Radiant Babies and Subway Drawings: See Keith Haring's Early Artwork From the Brooklyn Museum Retrospective

Keith Haring's "Untitled," 1982, sumi ink on paper
(© Keith Haring Foundation)

WHAT: Keith Haring 1978-1982

WHEN: March 16-July 8, Wednesday, Friday-Sunday 11:00 a.m.-6:00 p.m., Thursday 11:00 a.m.-10:00 p.m., first Saturday of each month 11:00 a.m.-11:00 p.m.

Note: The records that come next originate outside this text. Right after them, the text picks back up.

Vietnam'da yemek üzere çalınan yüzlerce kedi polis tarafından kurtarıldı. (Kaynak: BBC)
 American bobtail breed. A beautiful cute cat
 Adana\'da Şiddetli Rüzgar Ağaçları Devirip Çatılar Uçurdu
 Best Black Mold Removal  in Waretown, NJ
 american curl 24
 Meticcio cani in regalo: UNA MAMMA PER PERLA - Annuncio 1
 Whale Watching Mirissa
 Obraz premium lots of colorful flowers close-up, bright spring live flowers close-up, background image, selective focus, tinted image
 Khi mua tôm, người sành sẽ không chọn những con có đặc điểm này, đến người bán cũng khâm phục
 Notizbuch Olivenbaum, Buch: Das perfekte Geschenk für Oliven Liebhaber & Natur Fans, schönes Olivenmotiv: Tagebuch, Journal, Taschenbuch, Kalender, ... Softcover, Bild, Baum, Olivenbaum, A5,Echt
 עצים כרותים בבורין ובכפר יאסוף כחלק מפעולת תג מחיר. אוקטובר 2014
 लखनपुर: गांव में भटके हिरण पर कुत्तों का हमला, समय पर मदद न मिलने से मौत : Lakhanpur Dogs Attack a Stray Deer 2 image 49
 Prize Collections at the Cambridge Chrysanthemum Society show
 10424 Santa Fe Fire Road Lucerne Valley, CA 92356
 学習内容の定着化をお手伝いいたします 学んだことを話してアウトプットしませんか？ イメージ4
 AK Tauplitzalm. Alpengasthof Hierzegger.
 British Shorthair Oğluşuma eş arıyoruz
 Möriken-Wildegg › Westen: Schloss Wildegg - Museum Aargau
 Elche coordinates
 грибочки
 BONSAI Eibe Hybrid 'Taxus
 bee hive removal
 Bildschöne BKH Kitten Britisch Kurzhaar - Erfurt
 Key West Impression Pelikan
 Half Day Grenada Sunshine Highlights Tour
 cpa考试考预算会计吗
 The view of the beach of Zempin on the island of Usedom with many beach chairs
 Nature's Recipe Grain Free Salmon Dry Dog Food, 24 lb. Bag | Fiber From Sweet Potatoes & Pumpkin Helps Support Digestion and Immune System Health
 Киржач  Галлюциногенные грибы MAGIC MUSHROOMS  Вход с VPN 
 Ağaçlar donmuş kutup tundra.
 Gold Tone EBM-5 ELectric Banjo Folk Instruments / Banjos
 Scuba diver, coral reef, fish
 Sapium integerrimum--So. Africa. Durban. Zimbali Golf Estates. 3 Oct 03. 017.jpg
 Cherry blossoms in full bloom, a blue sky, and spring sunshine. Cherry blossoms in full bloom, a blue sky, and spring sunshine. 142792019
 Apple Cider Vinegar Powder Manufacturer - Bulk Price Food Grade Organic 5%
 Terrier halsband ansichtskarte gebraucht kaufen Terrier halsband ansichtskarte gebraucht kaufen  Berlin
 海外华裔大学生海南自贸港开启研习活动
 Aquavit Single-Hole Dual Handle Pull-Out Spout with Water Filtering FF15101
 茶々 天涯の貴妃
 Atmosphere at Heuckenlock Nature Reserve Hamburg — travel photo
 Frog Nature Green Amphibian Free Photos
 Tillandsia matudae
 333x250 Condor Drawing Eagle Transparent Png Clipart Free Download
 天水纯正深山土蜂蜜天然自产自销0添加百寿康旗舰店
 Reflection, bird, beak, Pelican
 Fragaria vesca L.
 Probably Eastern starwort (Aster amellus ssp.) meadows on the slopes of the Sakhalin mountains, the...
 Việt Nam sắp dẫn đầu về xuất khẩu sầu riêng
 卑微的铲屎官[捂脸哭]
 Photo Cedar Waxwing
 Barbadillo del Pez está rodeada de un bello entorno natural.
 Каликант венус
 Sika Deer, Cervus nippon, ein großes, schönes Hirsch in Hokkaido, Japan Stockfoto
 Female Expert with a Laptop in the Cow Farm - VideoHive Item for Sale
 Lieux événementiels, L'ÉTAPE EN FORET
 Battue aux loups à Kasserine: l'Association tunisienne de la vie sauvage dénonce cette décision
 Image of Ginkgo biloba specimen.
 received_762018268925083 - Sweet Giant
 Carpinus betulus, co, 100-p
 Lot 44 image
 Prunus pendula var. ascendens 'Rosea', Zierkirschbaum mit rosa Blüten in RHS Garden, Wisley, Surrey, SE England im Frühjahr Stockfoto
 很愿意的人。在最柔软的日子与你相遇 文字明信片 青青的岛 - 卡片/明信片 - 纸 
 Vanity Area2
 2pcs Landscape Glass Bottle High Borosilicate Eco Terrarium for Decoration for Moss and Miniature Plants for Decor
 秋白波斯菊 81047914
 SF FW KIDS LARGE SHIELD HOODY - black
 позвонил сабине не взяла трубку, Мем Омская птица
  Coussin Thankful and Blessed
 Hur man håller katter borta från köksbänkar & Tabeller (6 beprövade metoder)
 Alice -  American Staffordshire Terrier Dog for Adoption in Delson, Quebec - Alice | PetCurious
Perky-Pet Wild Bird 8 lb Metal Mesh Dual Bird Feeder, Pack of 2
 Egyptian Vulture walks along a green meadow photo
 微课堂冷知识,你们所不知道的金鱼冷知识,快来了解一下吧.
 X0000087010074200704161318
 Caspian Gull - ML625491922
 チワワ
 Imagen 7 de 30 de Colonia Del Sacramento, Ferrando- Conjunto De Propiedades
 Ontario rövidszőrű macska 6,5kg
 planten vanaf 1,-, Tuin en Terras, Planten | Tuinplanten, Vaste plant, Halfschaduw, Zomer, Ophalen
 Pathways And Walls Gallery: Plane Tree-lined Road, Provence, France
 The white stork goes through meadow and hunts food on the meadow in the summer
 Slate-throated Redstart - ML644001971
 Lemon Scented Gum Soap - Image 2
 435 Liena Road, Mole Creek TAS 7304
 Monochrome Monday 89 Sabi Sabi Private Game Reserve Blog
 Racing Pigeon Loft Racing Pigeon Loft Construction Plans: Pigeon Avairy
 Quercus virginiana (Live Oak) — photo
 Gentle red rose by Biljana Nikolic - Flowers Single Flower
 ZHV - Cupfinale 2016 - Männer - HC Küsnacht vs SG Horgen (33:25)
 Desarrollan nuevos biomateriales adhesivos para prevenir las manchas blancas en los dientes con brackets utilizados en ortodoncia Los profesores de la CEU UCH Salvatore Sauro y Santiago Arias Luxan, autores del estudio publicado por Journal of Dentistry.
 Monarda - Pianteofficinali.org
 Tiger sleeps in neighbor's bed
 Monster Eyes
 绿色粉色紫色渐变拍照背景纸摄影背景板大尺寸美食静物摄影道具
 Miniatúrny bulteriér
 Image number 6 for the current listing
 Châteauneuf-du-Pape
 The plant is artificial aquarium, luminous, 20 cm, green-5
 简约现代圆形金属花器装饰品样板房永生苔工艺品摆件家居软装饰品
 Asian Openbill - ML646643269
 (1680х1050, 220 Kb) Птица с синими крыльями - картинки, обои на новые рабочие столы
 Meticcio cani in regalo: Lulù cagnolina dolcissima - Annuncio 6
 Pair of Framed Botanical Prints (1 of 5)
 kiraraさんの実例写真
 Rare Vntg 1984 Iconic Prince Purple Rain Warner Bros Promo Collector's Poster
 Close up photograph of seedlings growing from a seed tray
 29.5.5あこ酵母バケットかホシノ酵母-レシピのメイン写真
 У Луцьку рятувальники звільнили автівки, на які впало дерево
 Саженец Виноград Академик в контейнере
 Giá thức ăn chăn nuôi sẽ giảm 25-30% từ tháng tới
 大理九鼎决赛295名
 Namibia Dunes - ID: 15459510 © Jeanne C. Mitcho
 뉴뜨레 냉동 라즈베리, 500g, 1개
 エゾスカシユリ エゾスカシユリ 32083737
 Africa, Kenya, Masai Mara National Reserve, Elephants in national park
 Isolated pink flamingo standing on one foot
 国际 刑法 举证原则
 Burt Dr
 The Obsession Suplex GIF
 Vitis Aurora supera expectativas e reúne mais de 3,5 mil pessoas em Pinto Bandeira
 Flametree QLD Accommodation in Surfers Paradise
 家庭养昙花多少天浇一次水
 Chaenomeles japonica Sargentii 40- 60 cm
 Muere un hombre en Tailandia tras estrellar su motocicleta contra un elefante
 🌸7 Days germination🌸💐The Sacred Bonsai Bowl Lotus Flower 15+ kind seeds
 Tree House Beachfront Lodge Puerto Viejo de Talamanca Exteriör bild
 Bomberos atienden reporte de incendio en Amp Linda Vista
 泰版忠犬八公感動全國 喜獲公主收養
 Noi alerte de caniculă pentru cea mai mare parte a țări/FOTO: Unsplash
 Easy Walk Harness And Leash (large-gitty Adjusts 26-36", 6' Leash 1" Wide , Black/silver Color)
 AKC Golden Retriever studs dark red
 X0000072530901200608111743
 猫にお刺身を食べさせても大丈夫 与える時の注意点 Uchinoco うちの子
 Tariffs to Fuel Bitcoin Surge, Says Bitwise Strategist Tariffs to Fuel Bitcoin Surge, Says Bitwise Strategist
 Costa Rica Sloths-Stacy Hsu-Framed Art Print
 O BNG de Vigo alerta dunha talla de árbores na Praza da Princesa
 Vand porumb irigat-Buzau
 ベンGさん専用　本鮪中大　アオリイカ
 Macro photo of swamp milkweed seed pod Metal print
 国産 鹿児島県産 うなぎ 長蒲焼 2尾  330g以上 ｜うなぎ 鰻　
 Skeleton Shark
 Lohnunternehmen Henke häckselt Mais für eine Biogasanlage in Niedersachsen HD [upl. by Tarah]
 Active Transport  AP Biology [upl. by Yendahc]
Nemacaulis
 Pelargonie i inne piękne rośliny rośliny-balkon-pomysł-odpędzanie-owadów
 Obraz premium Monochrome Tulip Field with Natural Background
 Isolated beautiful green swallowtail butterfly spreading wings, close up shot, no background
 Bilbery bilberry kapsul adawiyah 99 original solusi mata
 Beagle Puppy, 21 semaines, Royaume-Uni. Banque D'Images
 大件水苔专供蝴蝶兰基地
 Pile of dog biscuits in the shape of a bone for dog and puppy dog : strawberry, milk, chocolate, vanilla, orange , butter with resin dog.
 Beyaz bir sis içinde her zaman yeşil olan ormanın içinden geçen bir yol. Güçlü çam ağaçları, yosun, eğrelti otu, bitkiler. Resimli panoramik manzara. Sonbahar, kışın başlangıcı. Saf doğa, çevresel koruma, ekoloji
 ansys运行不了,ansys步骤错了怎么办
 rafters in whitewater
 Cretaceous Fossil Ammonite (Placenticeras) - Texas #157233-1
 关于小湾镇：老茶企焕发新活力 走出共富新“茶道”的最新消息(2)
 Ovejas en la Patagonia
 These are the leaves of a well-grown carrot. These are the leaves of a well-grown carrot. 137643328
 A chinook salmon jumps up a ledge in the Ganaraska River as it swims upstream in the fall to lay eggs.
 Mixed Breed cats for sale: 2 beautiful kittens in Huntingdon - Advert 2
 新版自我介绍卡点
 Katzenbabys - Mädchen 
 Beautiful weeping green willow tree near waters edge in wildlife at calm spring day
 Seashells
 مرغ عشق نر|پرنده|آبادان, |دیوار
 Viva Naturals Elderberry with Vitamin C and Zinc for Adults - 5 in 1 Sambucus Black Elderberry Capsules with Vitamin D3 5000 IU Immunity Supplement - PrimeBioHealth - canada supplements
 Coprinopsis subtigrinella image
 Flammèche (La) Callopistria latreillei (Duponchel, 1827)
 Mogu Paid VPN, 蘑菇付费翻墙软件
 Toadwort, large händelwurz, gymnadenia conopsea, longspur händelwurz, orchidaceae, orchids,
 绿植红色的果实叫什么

WHERE: Brooklyn Museum, 200 Eastern Parkway, Brooklyn, New York



WHY THIS SHOW MATTERS: Crack is still wack. Remember that when you visit the first large-scale exhibition to highlight Keith Haring’s early career, featuring a selection from his iconic political and playful repertoire, organized by the Brooklyn Musuem. The museum amassed 155 works on paper and more than 150 archival objects, along with experimental videos, sketchbooks, journals, exhibition flyers, posters, subway drawings, and documentary photographs to bring to light the evolution of Haring’s neo-primitive style and massive cultural influence. Painstakingly delicate geometric renderings, like those shown at Gladstone Gallery’s 2011 exhibition, as well as the “Manhattan Penis Drawings for Ken Hicks” (1978), will be shown alongside humorous ephemera like the artist’s Mudd Club I.D. The pass into the downtown punk scene’s “Mudd College of Deviant Behavior” states in the fine print, “Falsification of any statements made herein is punishable by fine or imprisonment or both,” and sports Haring’s “frontal view” headshot, adorned with orange eyeglasses. An “Untitled Journal Drawings” from 1977 skillfully traps a single blue “o” in an entire page of impeccable bright-red letter patterns. The show is a testament to the artist’s dedicated career, which bridged underground activism, connected a massive network of artists, and helped define a period in the history of New York’s vibrant bohemian culture.